TASK INPUT.
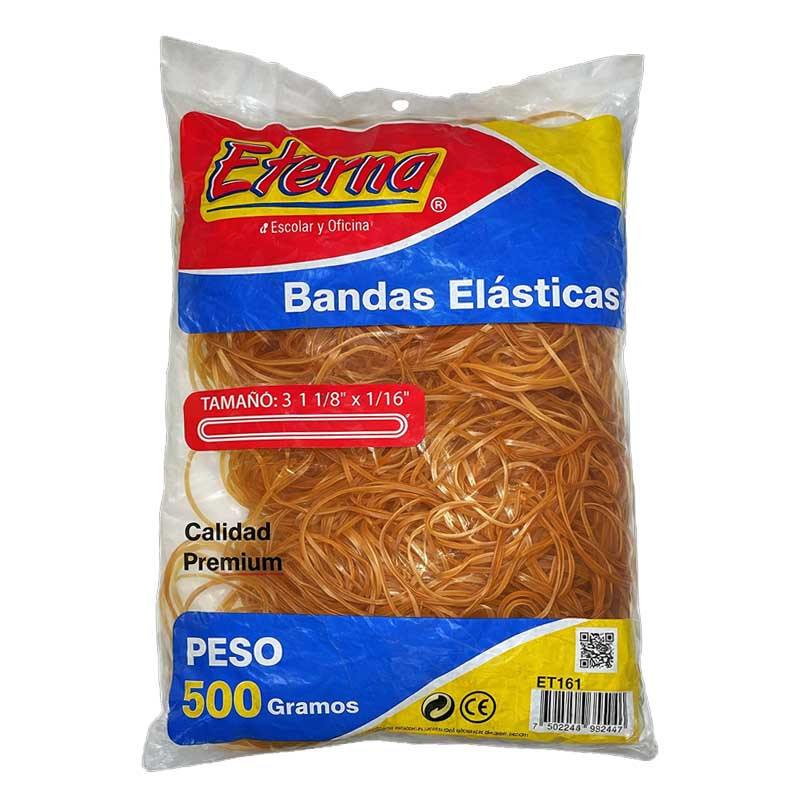 banda de caucho 500 gramos eterna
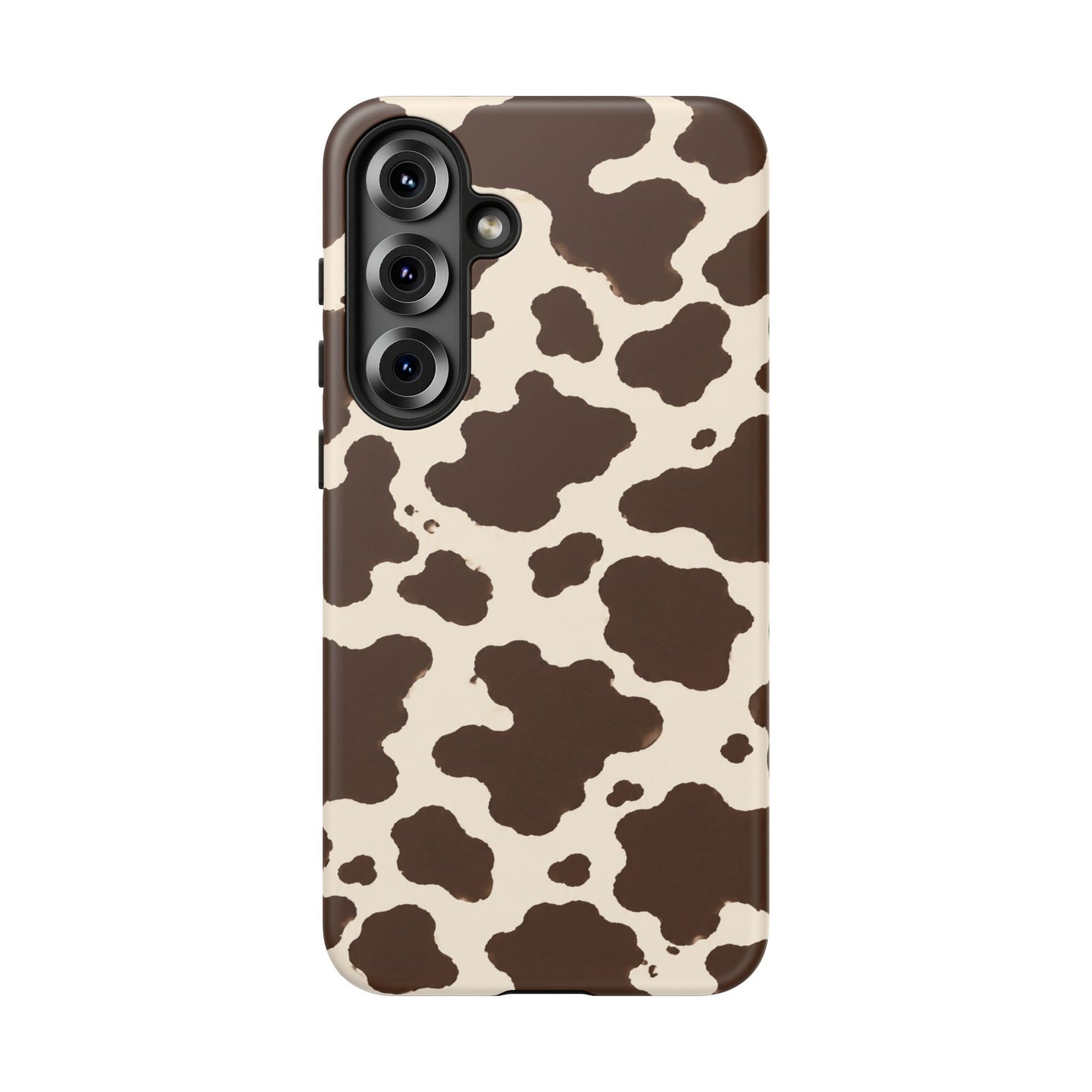 Western Cow Print Tough Phone Case for iPhone Samsung Galaxy Pixel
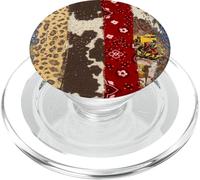 Western Aesthetic, Boho, Country, Ranch, Cowgirl, Leopard PopSockets PopGrip for MagSafe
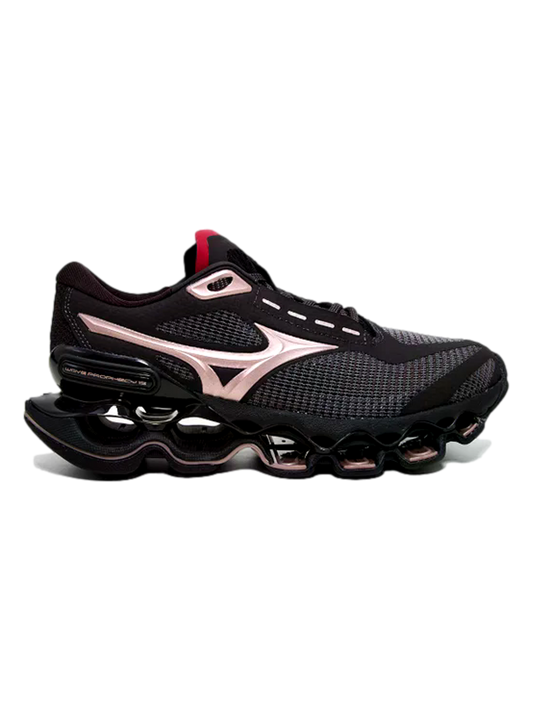 Tênis Mizuno Wave Prophecy 15 - Cinza+Rosa
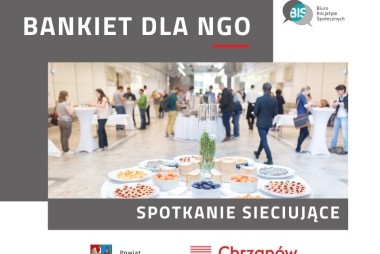 Plakat, zdjęcie bankietu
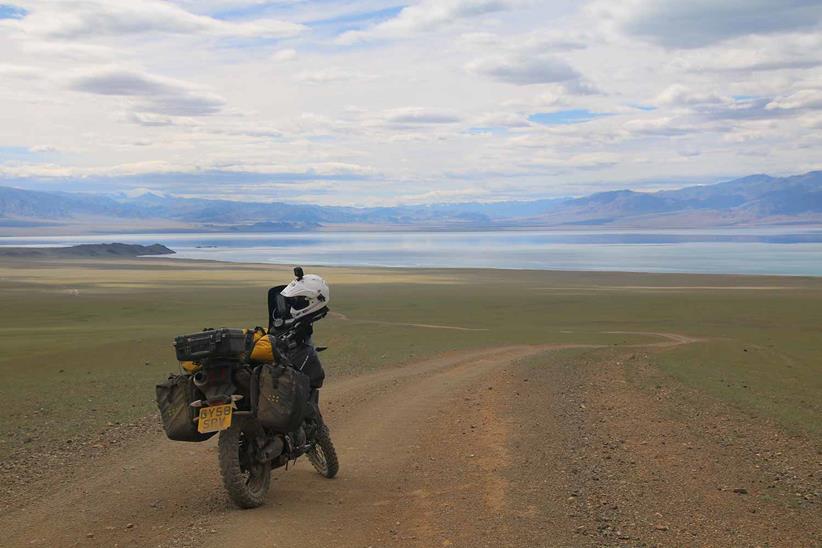 A rear view of the Yamaha XT660Z Ténéré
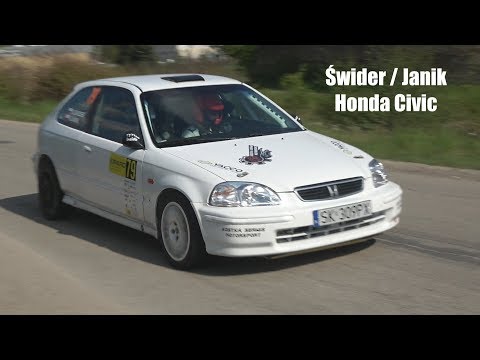 2 Rally Kipard Tarmac Masters - Runda 2 - Marcin Świder / Krzysztof Janik - Honda Civic
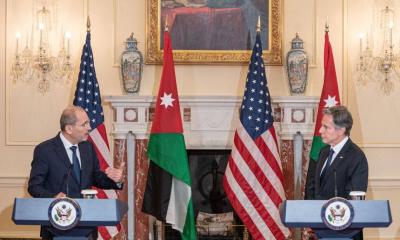 Jordan and the United States Discuss Ceasefire in Gaza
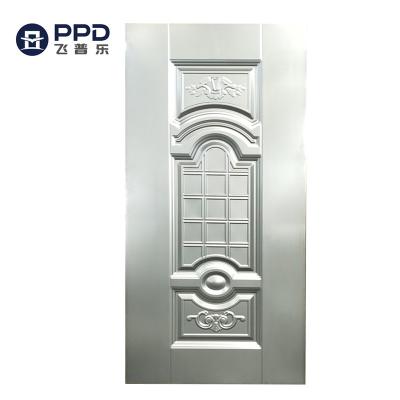 China 2020 Modern Design Fancy Modern Factory Supplier Phipulo China Steel Door Skin Sheet Panel for sale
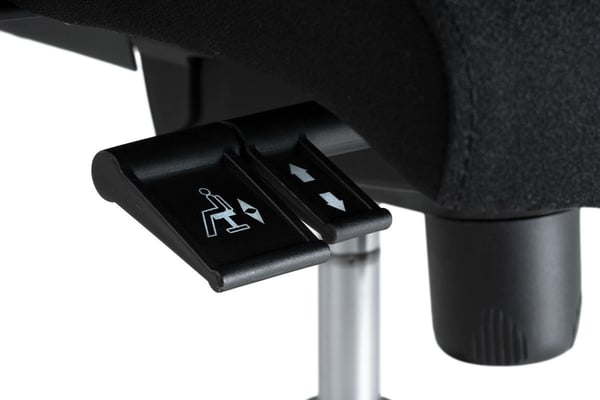 Toplux Comfo Two - arbetsstol, svart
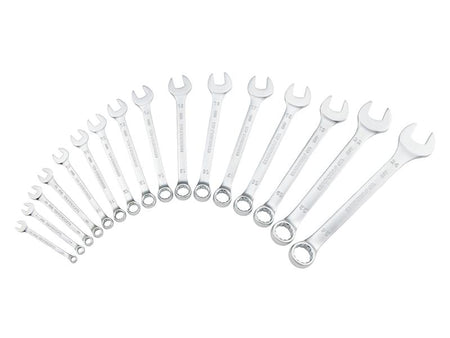 40B.JV16PB 40B Series Slim Metric Combination Spanner Set, 16 Piece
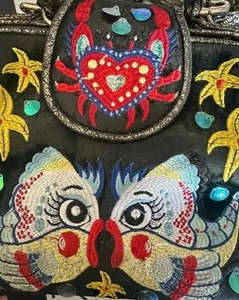 Irregular Choice Cross Body Hand Bag " Flounder "Fish Rare Bag π - Picture 1 of 6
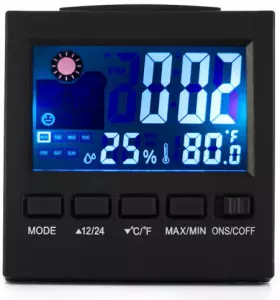 ЭЛМАКС - Метеостанция комнатная REXANT с ЖК дисплеем элмакс, электротехника, кабель, светотехника, elmax.pro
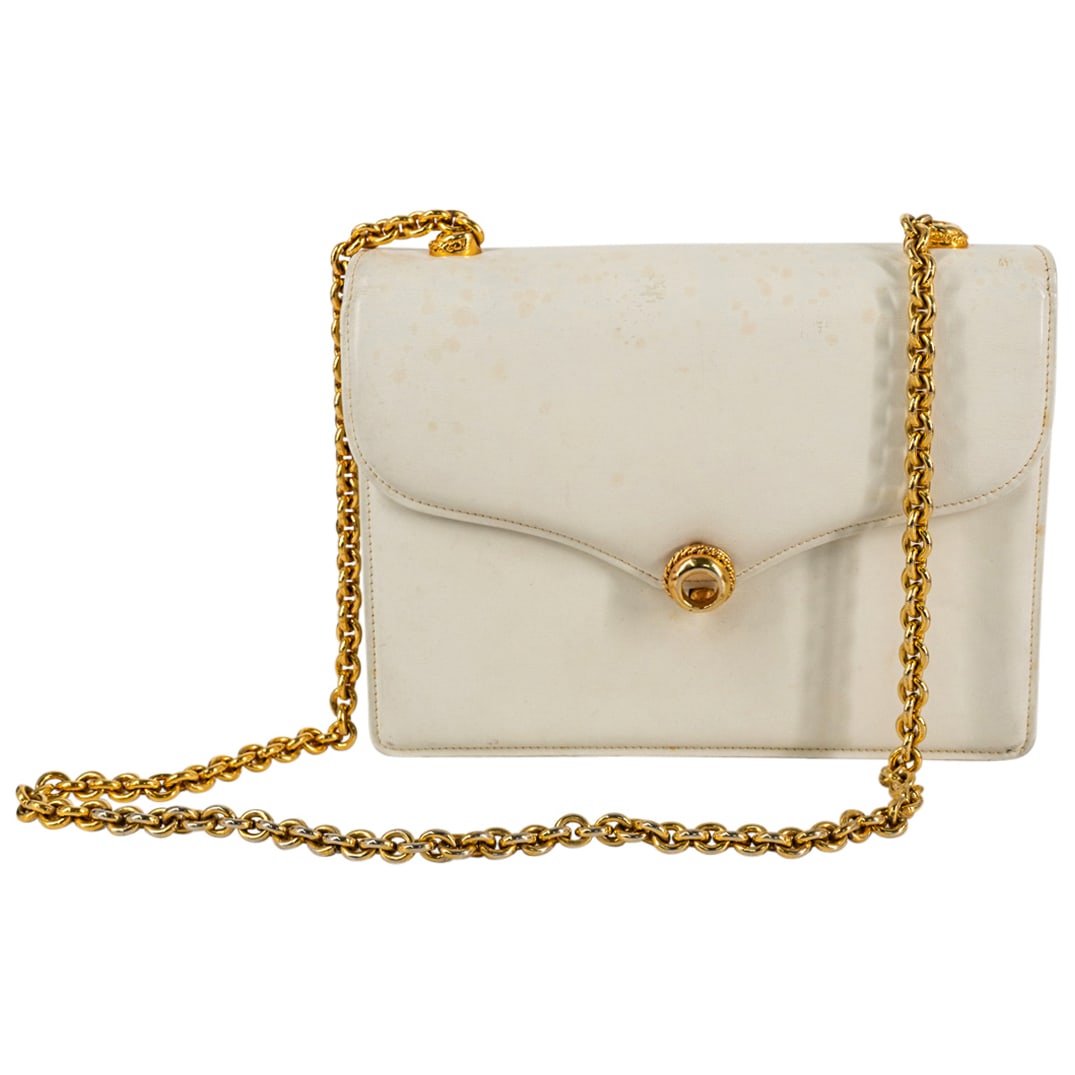 Vintage Gucci White Leather Shoulder Bag (1 of 8)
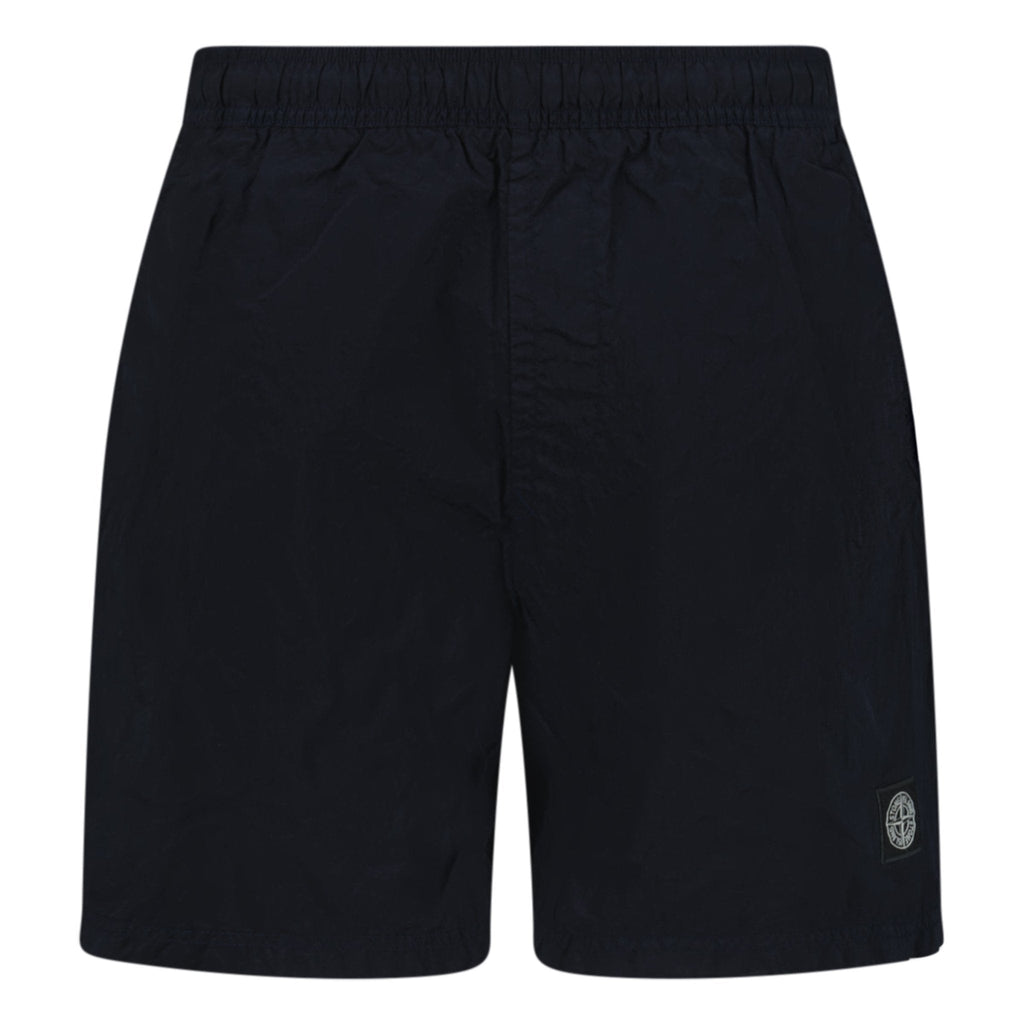 Stone Island Compass Chrome Swim Shorts Navy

GOAL OF THE EXERCISE.
Set the pictures aside and restate word for word only the lines from the line containing "ЭЛМАКС - Метеостанция" through the end of the entries above, both included.

YOUR RESPONSE.
 ЭЛМАКС - Метеостанция комнатная REXANT с ЖК дисплеем элмакс, электротехника, кабель, светотехника, elmax.pro
 Vintage Gucci White Leather Shoulder Bag (1 of 8)
 Stone Island Compass Chrome Swim Shorts Navy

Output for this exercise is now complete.